**** Records to use

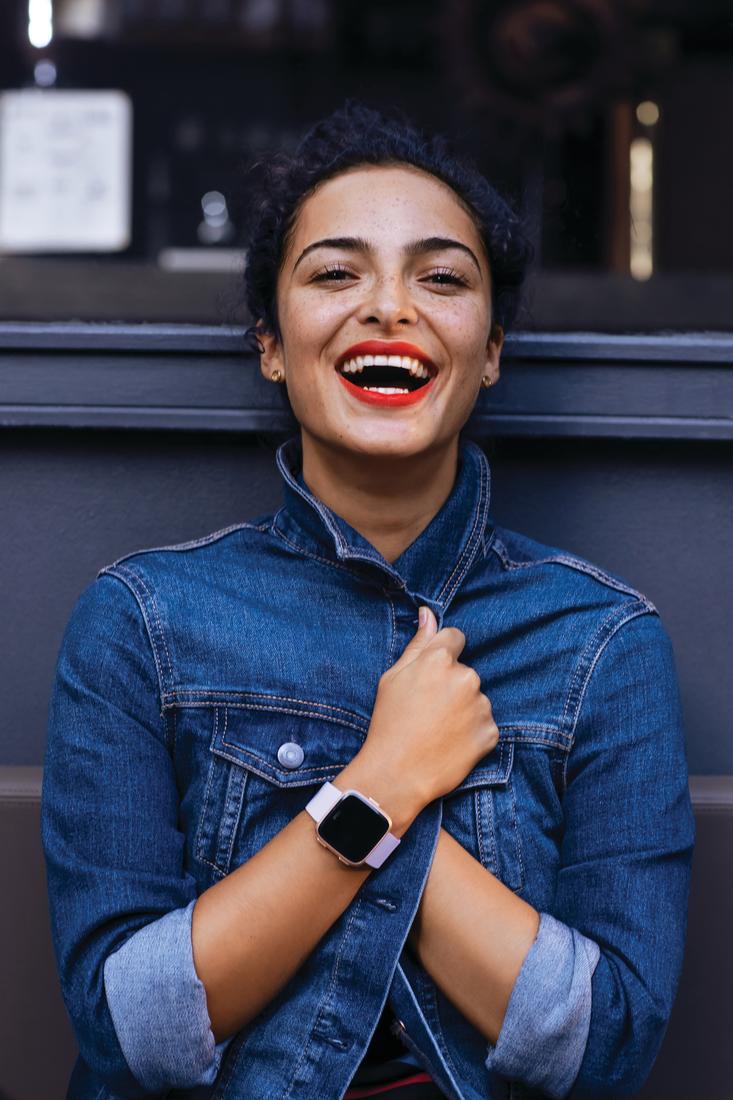 Fitbit stellt die neue Smartwatch Versa und das Fitnessarmband Ace vor Mac Life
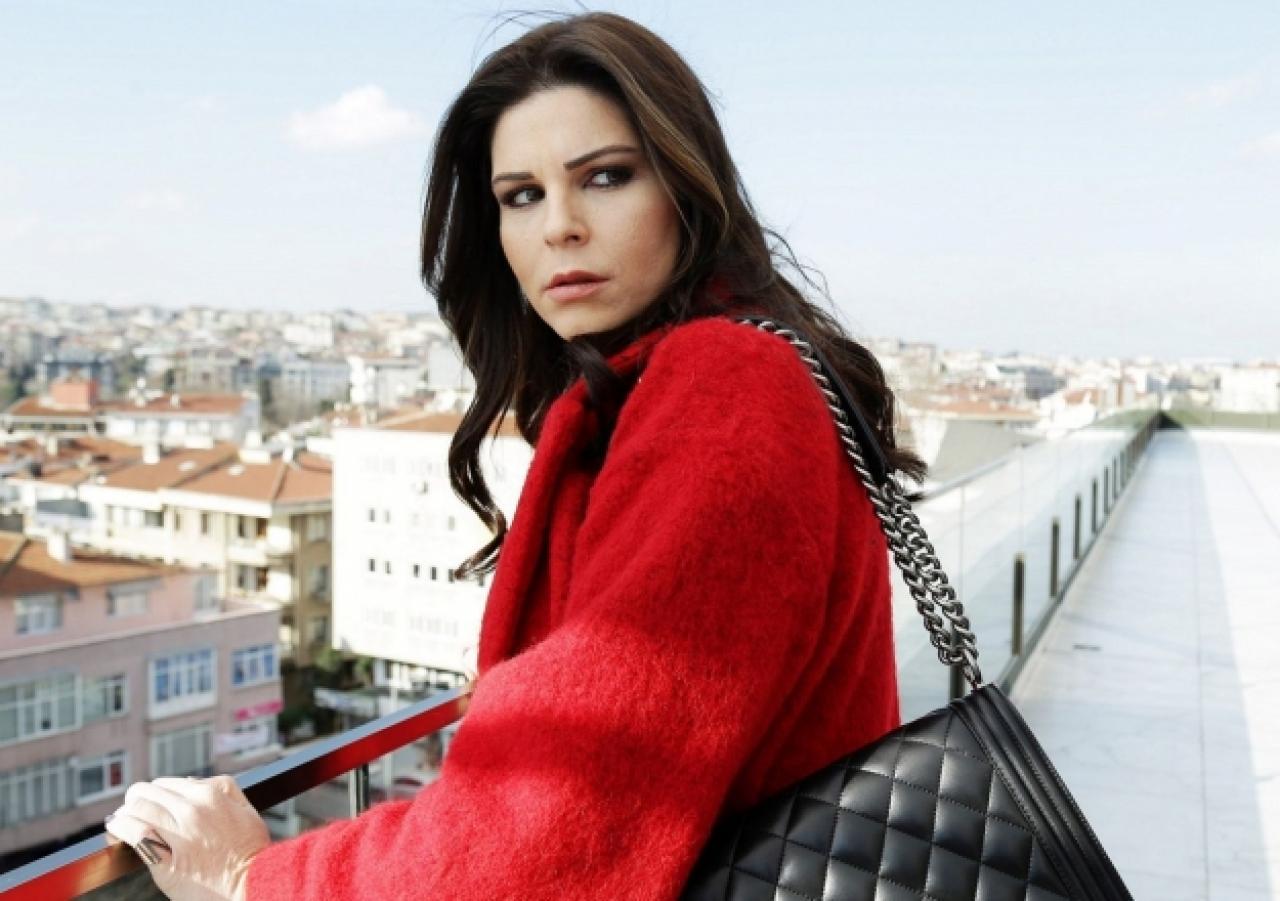 Koca Koca Yalanlar dizisi Canan rolündeki Pelin Öztekin kimdir?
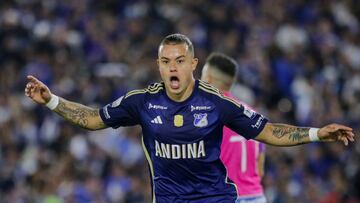 Leonardo Castro, delantero de Millonarios, celebra un gol en la Superliga.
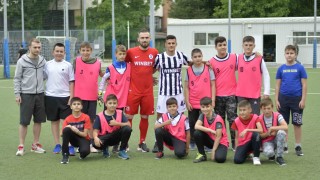 Играчите на Локо зарадваха деца на спортния празник на ОДК Пловдив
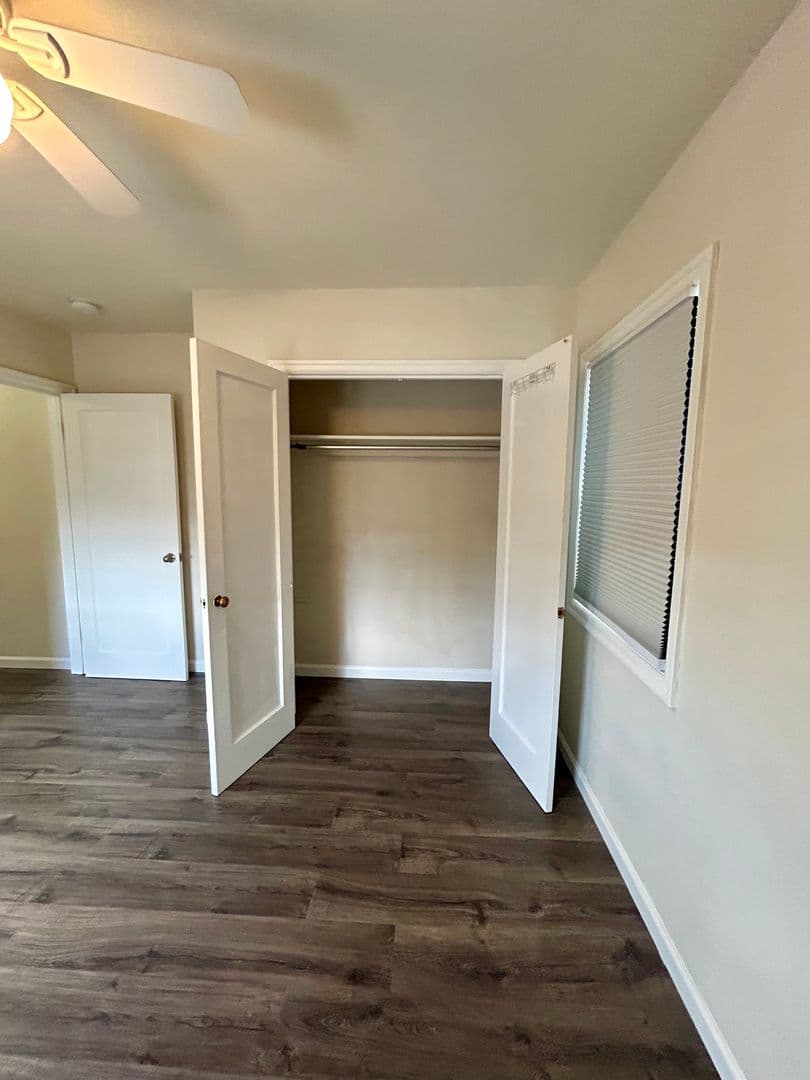 Stayton Apartment: 683-685 N First Ave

********

*What you need to do*: Once the pictures are set aside, what is needed is the lines from the line with "Leonardo Castro, delantero" through the end of the data, written out exactly and alone.

*Written solution*:
 Leonardo Castro, delantero de Millonarios, celebra un gol en la Superliga.
 Играчите на Локо зарадваха деца на спортния празник на ОДК Пловдив
 Stayton Apartment: 683-685 N First Ave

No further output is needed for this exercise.